# Ceiling Treatment Advice



## Guest (Apr 18, 2007)

I have a non optional space that I have contemplated acoustically treating for years. My room is closer to a square than a rectangle, and has a soffit running through the middle of it. The soffit is 6’2” wide and protrudes 10” into the room. My TV/audio gear is built in-wall and is centered beneath the soffit. So is the center channel speaker. The front right and left speakers flank the outside of the soffit and the couch or listen position is again centered beneath the soffit. The listening position is about 10’ back from TV/front wall and almost in the center of the room (i.e. the couch is not up against the back wall).
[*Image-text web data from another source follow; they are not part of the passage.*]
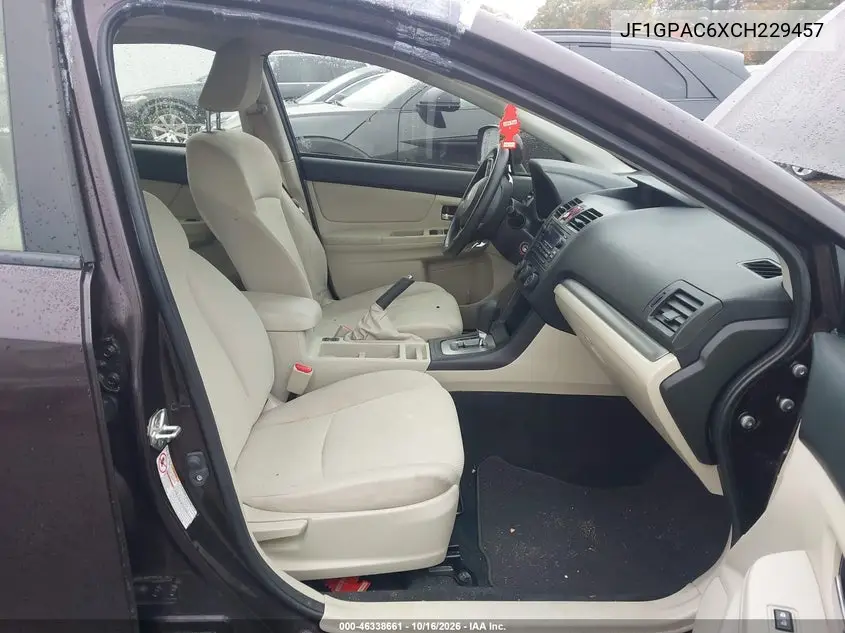 2012 SUBARU IMPREZA VIN JF1GPAC6XCH229457 — фото 5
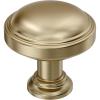 Amerock Enlivity 1-1/4 inch (32mm) Diameter Golden Champagne Cabinet Knob, BP37720BBZ(Golden Champagne)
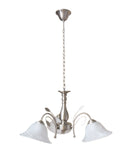 HANGLAMP 3-LICHTS  "'AMOR '' CHROOM/GRIJS  ART NR: 23423011/
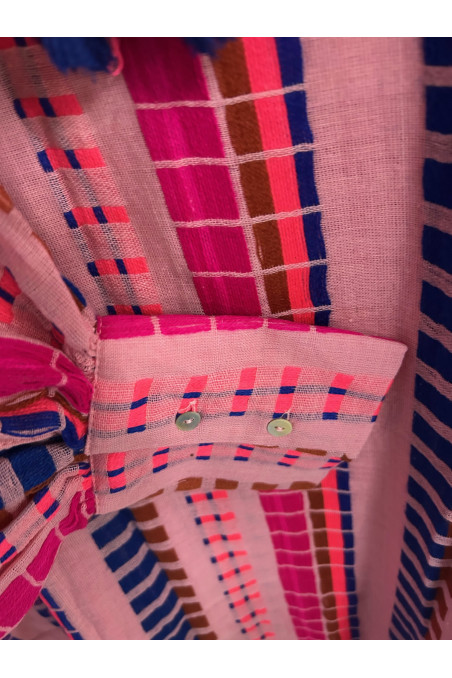 VESTIDO JACQUARD ROSA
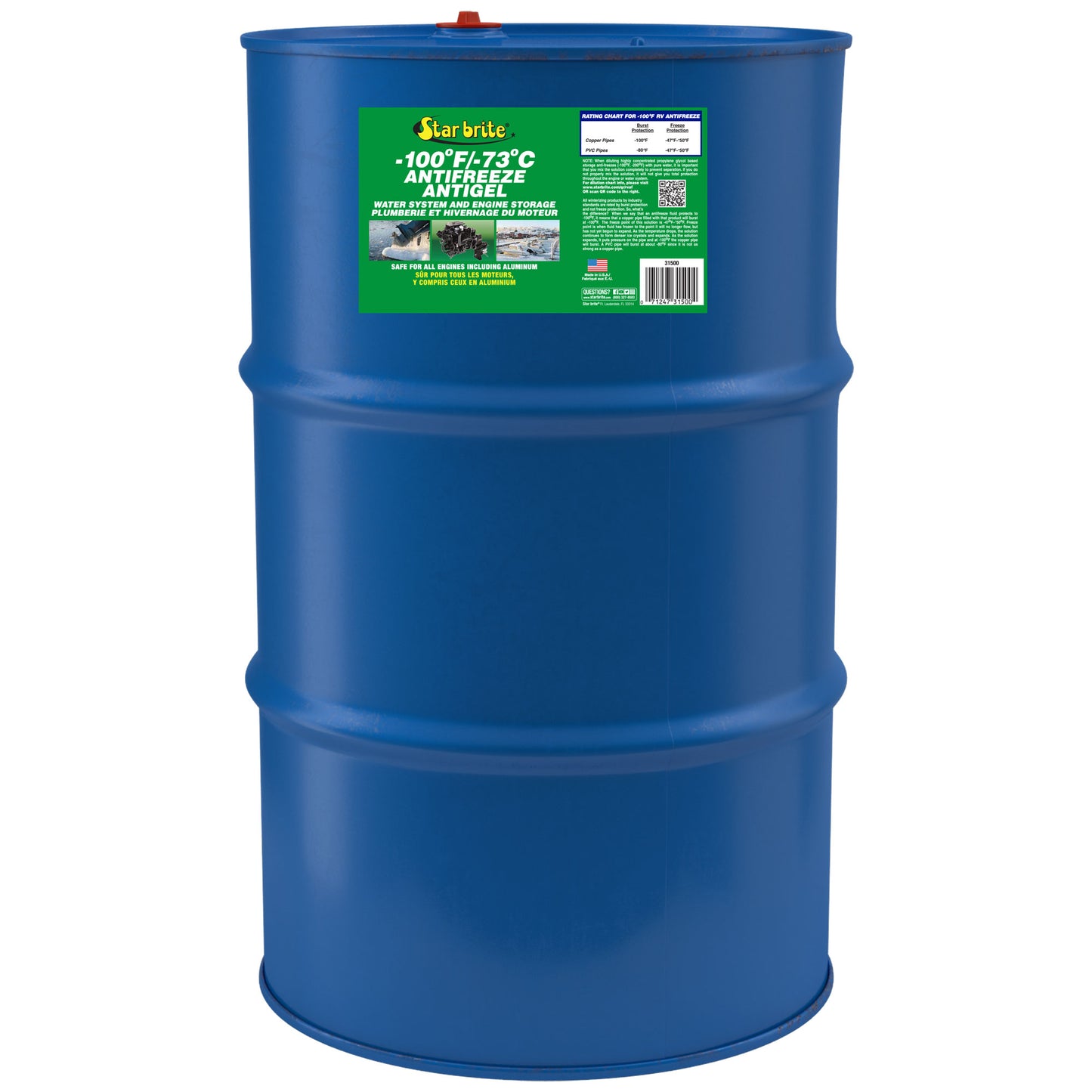 -100°F Antifreeze for RV, Boat & Water System, Non-Toxic PG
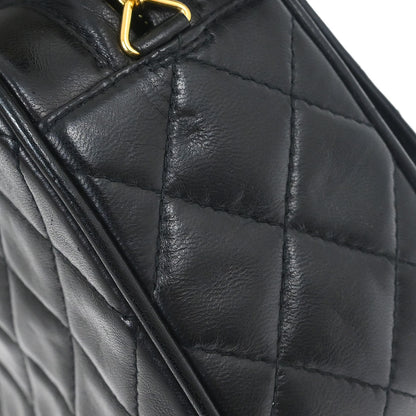 Chanel 1994-1996 Black Lambskin Camera Bag Mini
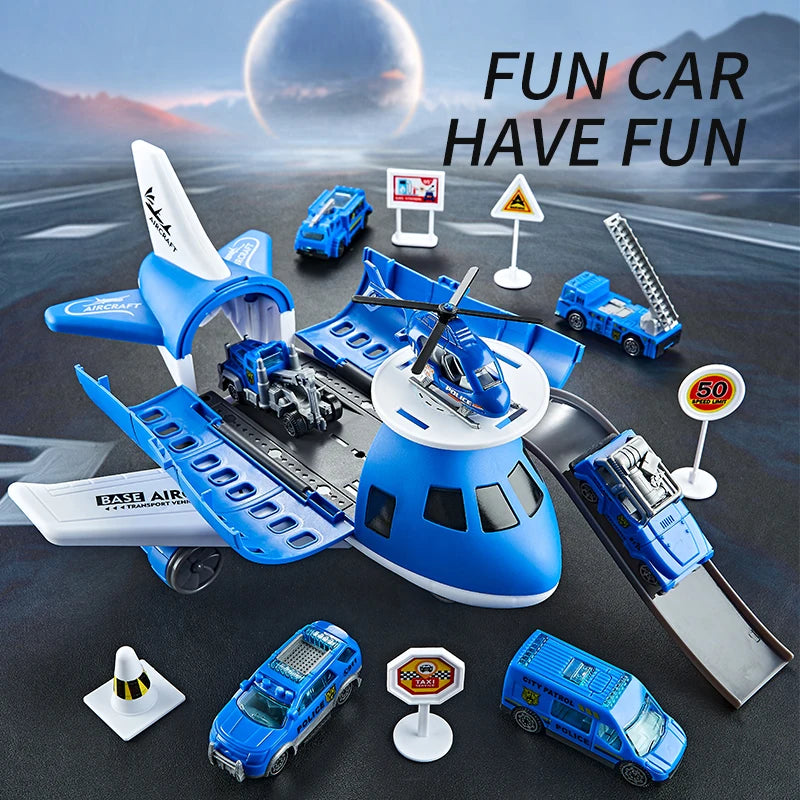 Multi-functional aircraft inertial rail car a variety of theme storage passenger aircraft car track suit police, fire, military, - Loja Winner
The room’s ceiling height is 8’.

My question/thoughts are this… I think the best way to address speaker first reflection points is by using a cloud. I need a little help in determining how big to make the cloud (just the size of the soffit or should it extend past the edge a little?). I already have some 2’ X 4’ X 2” 6 lbs rigid fiberglass but wonder if this is a little overkill for this application. Would 1” be better (this would hang less into the room)? How about using Tectum? How much space between the cloud and sheet rock is optimal? I also wonder if there is any value in placing treatments along the sides of the soffit and the ceiling. My gut reaction is this will have little effect as the soffit is in the middle of the room away from the sidewall boundaries.

I have seen clouds made out of sheetrock corner bead and most likely this will be the direction I take, but I am also open to other suggestion on construction methods.

Thanks for any and all input!


----------



## bpape (Sep 14, 2006)

1" would be plenty for reflection duty and give you the extra headroom. If the speakers are just outside the soffit area and not way outside it, most likely just a small area approx halfway between you and the speakers under the soffit will be sufficient.

Bryan


----------